Eight Iowa labor and civil rights groups have filed a federal complaint alleging the state has failed to protect workers in meatpacking, dairy, construction, transportation, health care facilities, nursing homes and other industries.
The complaint filed with the federal Occupational Safety and Health Administration office in Kansas City seeks a full investigation and corrective action by the federal government. While it cites several examples of alleged failure of Iowa OSHA to do on-site inspections or investigate unsafe conditions related to the coronavirus pandemic, the groups say Iowa work safety issues go beyond coronavirus problems.
Iowa is one of 22 states with state agency enforcement of federal work safety regulations, but the federal government can step in when a state isn’t enforcing laws in a way that is at least as effective as the federal OSHA agency in protecting worker health and safety, said Rita Bettis Austen, legal director for the American Civil Liberties Union of Iowa.
“Workers are dying, and Iowa OSHA is doing very little to prevent that.
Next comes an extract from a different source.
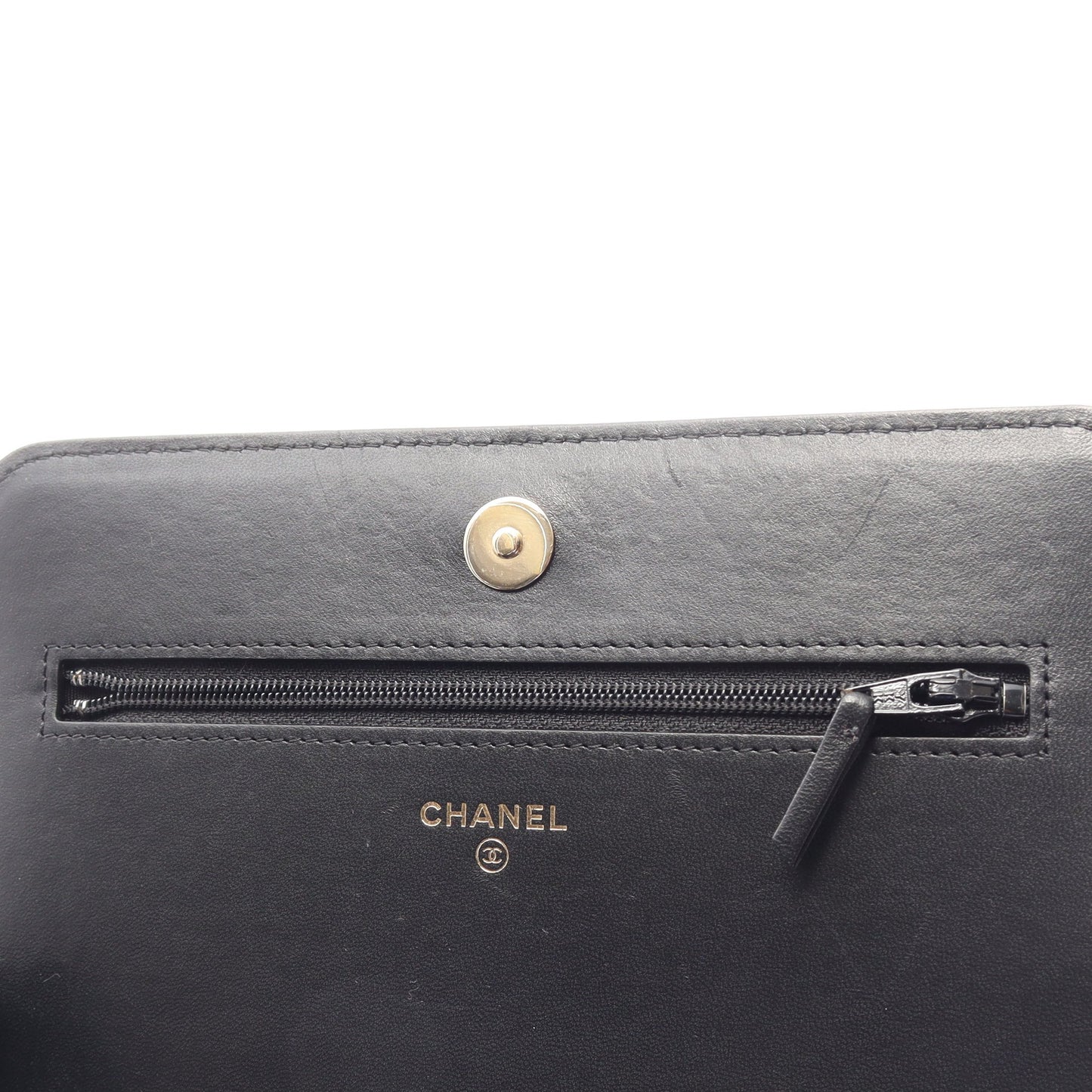 マトラッセ カメリア チェーンウォレット ラムスキン ブラック ピンク ゴールド金具 シャネル バッグ CHANEL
We’re asking federal OSHA to step in and force change to protect Iowans where the state has failed to do so,” she said.
Iowa Gov. Kim Reynolds is supportive of the work Iowa OSHA has done and “believes any federal review would find Iowa OSHA has followed all guidance to protect Iowa workers throughout this pandemic,” said spokesman Pat Garrett.
A spokeswoman for the Iowa Division of Labor, which oversees Iowa OSHA, said the agency “would welcome” the federal investigation.
“Iowa OSHA will fully cooperate with federal investigative authorities, and will respond to any findings and/or recommendations at the proper time,” said Mary Montgomery.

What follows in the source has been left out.